--- Data segment Enclosed Below ---

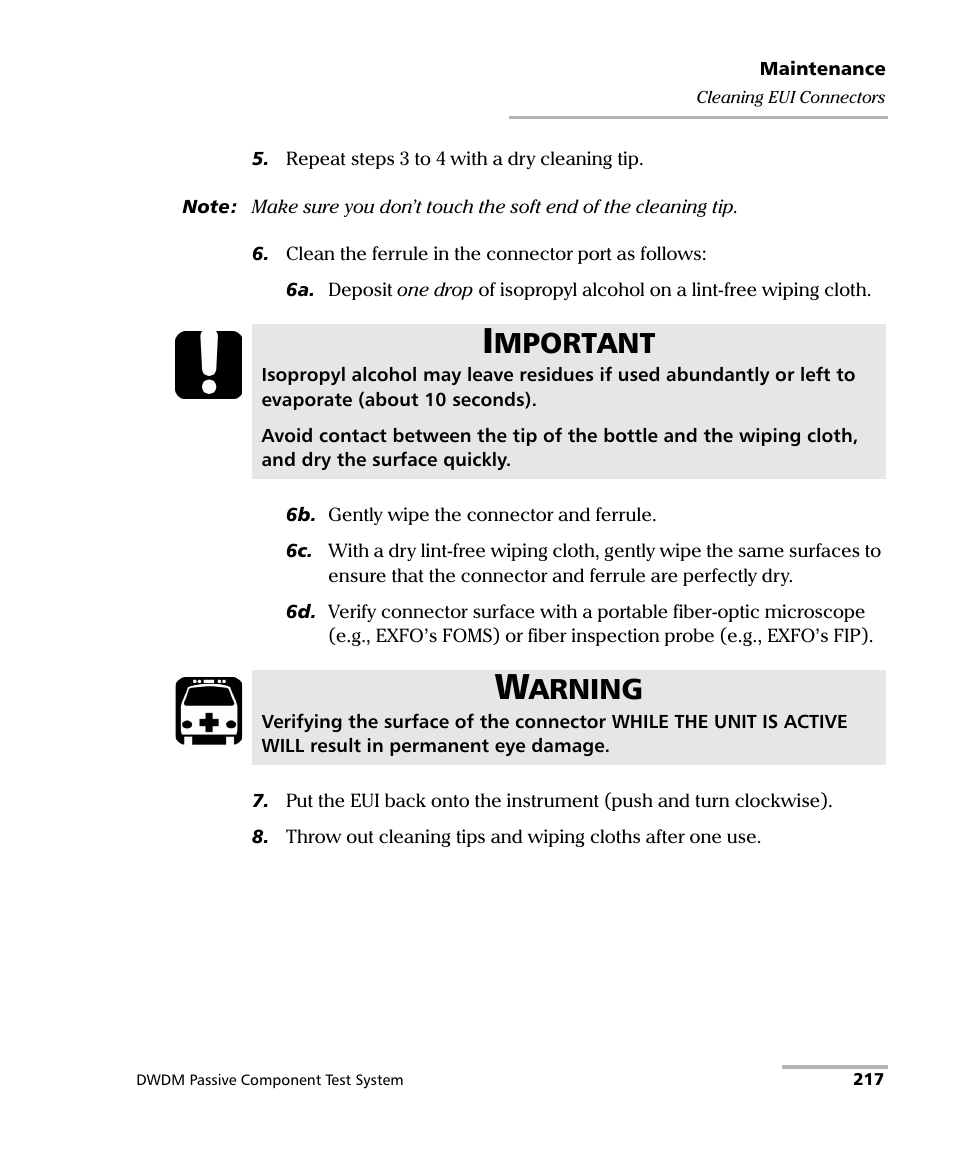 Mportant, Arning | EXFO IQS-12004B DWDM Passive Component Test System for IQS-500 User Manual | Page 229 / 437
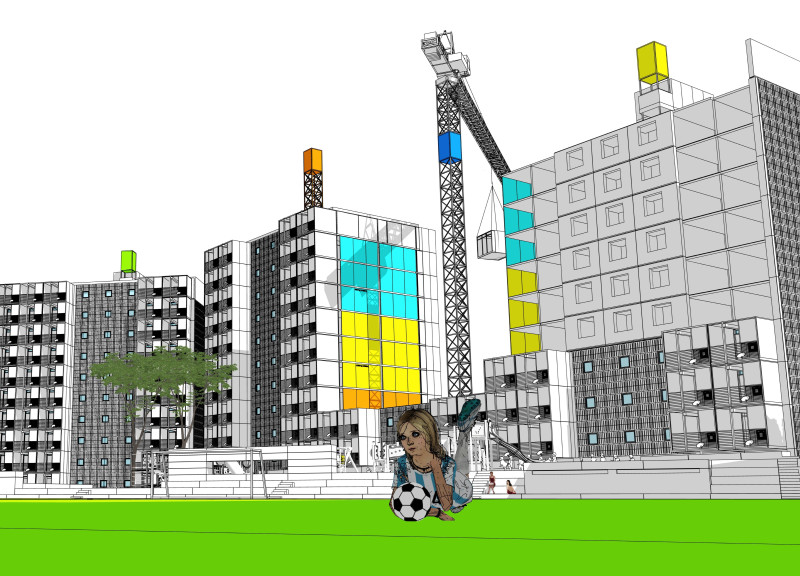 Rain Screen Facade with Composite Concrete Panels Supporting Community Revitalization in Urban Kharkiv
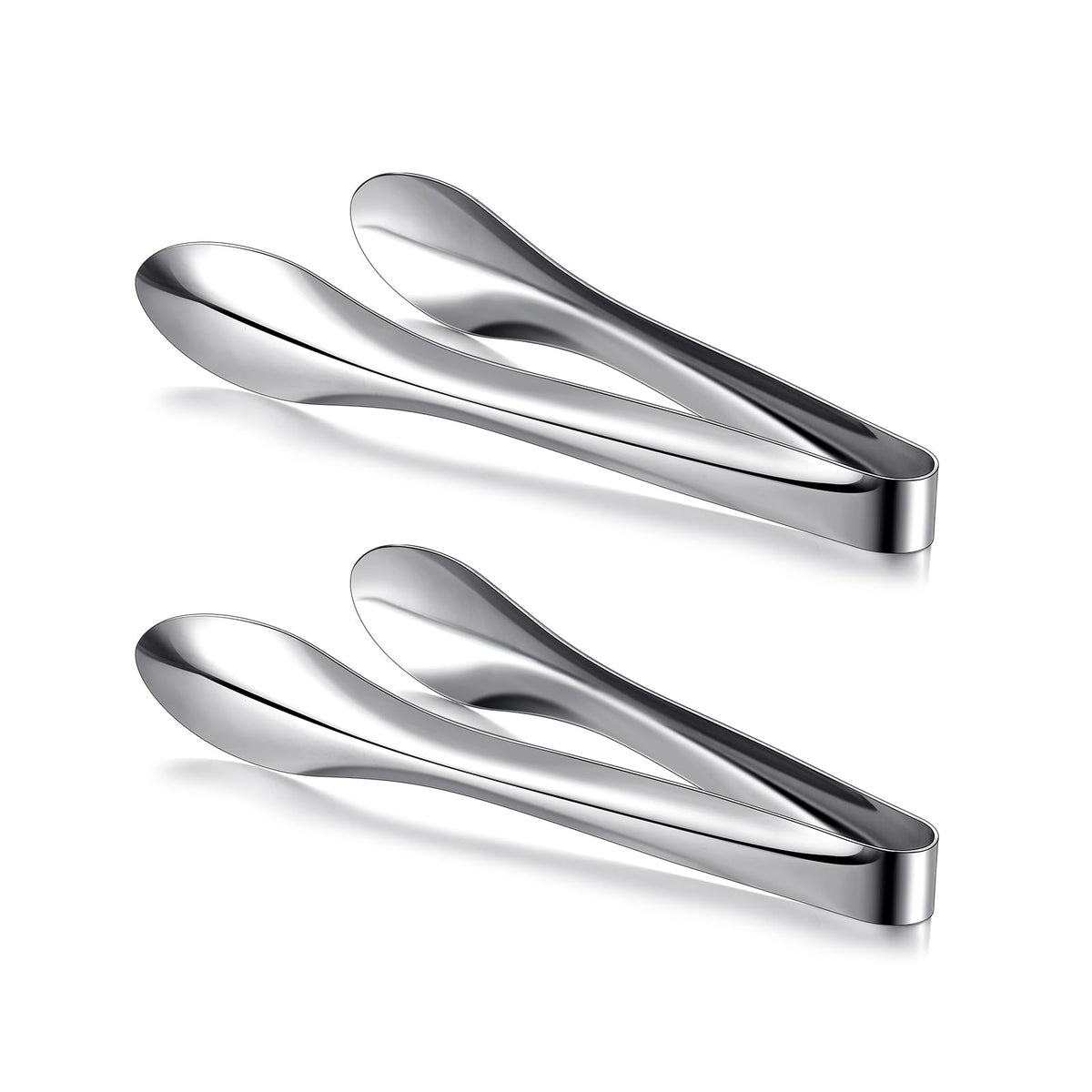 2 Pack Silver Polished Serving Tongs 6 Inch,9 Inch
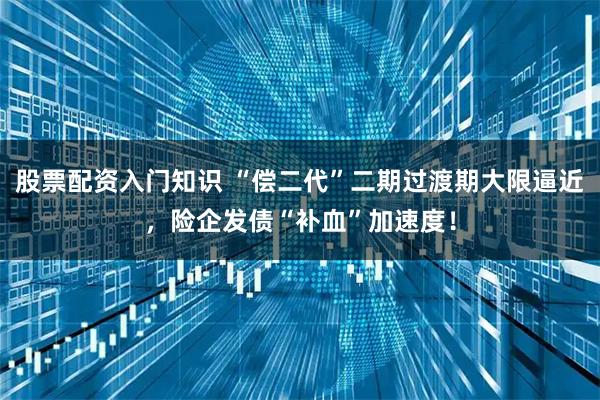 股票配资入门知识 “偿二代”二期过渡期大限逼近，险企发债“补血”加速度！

--- End of Enclosed Data segment ---

### [Work to complete]
The data above should be restated exactly, with its images dropped.

### [Task result]
 Mportant, Arning | EXFO IQS-12004B DWDM Passive Component Test System for IQS-500 User Manual | Page 229 / 437
 Rain Screen Facade with Composite Concrete Panels Supporting Community Revitalization in Urban Kharkiv
 2 Pack Silver Polished Serving Tongs 6 Inch,9 Inch
 股票配资入门知识 “偿二代”二期过渡期大限逼近，险企发债“补血”加速度！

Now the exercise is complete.